The three parts of Dante’s Divine Comedy were (and are) designed to be read consecutively.  In the end, readers in the 14th century were being given a “road map” to heaven.  If one followed the examples of the souls in Heaven, one could hope to achieve their just rewards.  On the other hand, if one followed the examples of those souls in Hell or Purgatory, then one could expect pain and suffering as punishment, whether for specific time (as in purgatory) or for eternity (as in Hell).  Modern readers still study Dante’s work, perhaps not for its roadmap on how to get to Heaven, but because it also shows a keen insight into the mindset of Christians in medieval European society towards their faith and in the Church’s role in getting them to Heaven.  As St.
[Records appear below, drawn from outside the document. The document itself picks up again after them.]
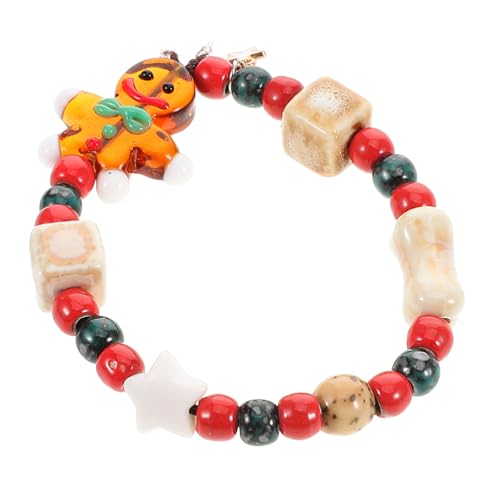 FOMIYES Keramik Weihnachtsarmband Damen Stretch Armband mit Niedlichem Lebkuchenmann Anhänger Festlicher Modeschmuck für Weihnachten und Feiertage für Frauen und Mädchen von FOMIYES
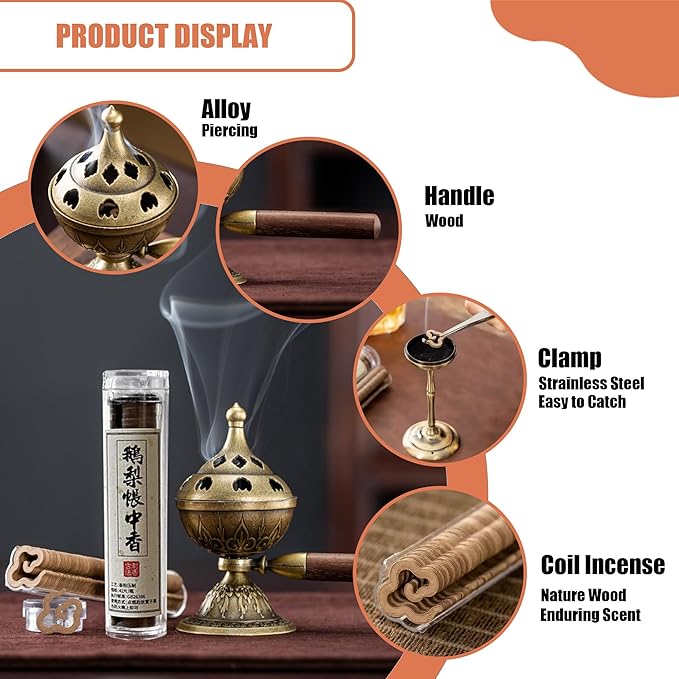 Handheld Incense Burner with 360° Rotating Handle-Chinese Bronze Style Holder for Incense Coils, Yoga Meditation, Home Office Desk Decor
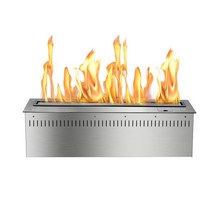 에탄올 난로 바이오 불꽃 스토브 인치, 1.원격 제어기 포함 - 은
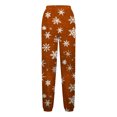thumbnail image 4 of WXLWZYWL Women Merry Christmas Sweatpants Drawstring Jogger Snowflake Fun Print Elastic Waist Casual Trousers Warm Comfy Pants with Pockets, 4 of 5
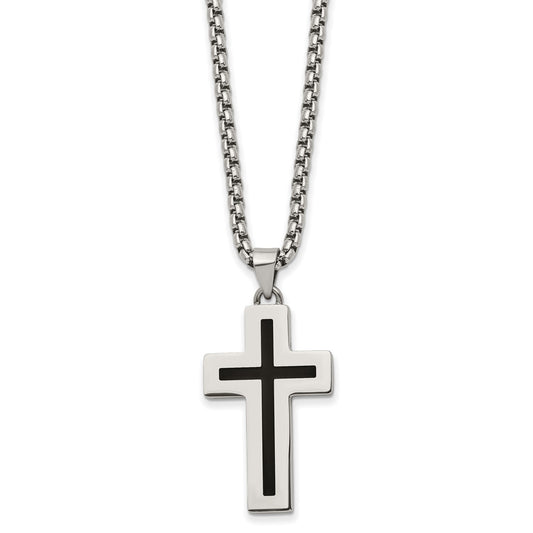 MJ Stainless Steel Polished with Black Enamel Cross Pendant on a 24 inch Box Chain Necklace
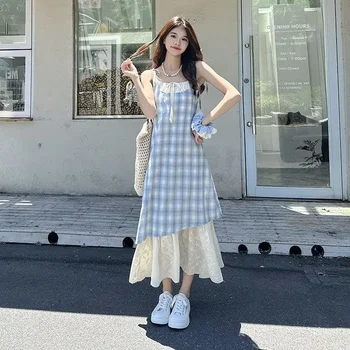 Abito a Canotta con Patchwork in Pizzo e Fantasia Scozzese da Donna, Nuovo Stile Estate 2026, Vestibilità Ampia e Snellente, Abito Finto Due Pezzi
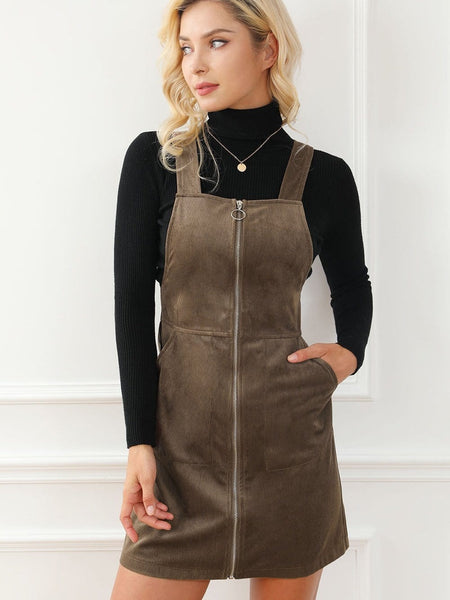 Solid Home Service Loose Short Dress With Pocket - Bare - A-Line - Square - Tube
Cyprian of Carthage, an early Church father, had written in the 3rd century (and as the Roman Catholic Church had upheld for centuries after the fall of Rome), “Extra Ecclesiam Nulla Salus” (outside the Church there is no salvation).  Dante’s greatest literary work exemplifies that sentiment.

In Part 1 of this full analysis of Dante’s Divine Comedy, through an in-depth analysis of various primary and secondary sources, students in this lesson will identify, understand and be able to explain the images and stories of characters found in the first part of Dante’s masterpiece: Inferno, including what the different levels represent in terms of sin, why Dante might have chosen the different characters for each level and what overall message medieval Europeans were supposed to get out of reading the piece.

Procedure

I. Anticipatory Set

  • Writing / Question: How do writers use the technique of allegory to help tell a story and/or give a message to their readers? (5 min)
  • Handouts – Copies of the primary sources and readings from the websites listed. (5 min)

II. Body of Lesson

  • Lecture / PPT – Brief overview of Dante’s Inferno. (20 min)
  • Video – Dante’s Visionary Descent into Hell (10 min)  
  • Independent Activity – Students read the sources and articles Dante’s Divine Comedy: Inferno. (20 min)
  • Suggestion: AP/advanced students should read Dante’s Inferno full text (translated) over the course of multiple days.
  • Suggestion: the “Links” section below contains a worksheet packet to help students understand the different levels of the Inferno
  • Group Activity – Socratic Discussion: Identify and explain the images and stories of characters found in the first part of Dante’s masterpiece: Inferno, including what the different levels represent in terms of sin, why Dante might have chosen the different characters for each level and what overall message medieval Europeans were supposed to get out of reading the piece. (20 min)

III. Closure

  • Assessment – Essay / DBQ:  Explain in detail the images and stories of characters found in the first part of Dante’s masterpiece: Inferno, including what the different levels represent in terms of sin, why Dante might have chosen the different characters for each level and what overall message medieval Europeans were supposed to get out of reading the piece. 

 

Extension

On tour: Duomo (Cathedral) of Florence

While on tour, students in Florence will visit the Duomo (Cathedral) where they can see for themselves the most famous image of Dante and his Divine Comedy.  On the west wall of the cathedral, students will see Michelino’s painting La Commedia Illumina Firenze (the Comedy Illuminating Florence), showing Dante and his famous poem.  Famous statues of Dante also can be found outside the Uffizi Museum and in the Piazza di Santa Croce in Florence as well.  Inside the Basilica di Santa Croce, where many famous Florentines including Michelangelo, Galileo and Machiavelli are buried, there is an empty tomb dedicated to Italy’s most famous poet.  Dante was exiled from Florence in 1301 and spent the last years of his life in Ravenna, dying there in 1321.  He is buried in the Church of St. Francis.  In 1829, the city of Florence tried to get the poet’s bones transferred to Santa Croce, but to no avail.  They remain in Ravenna to this day.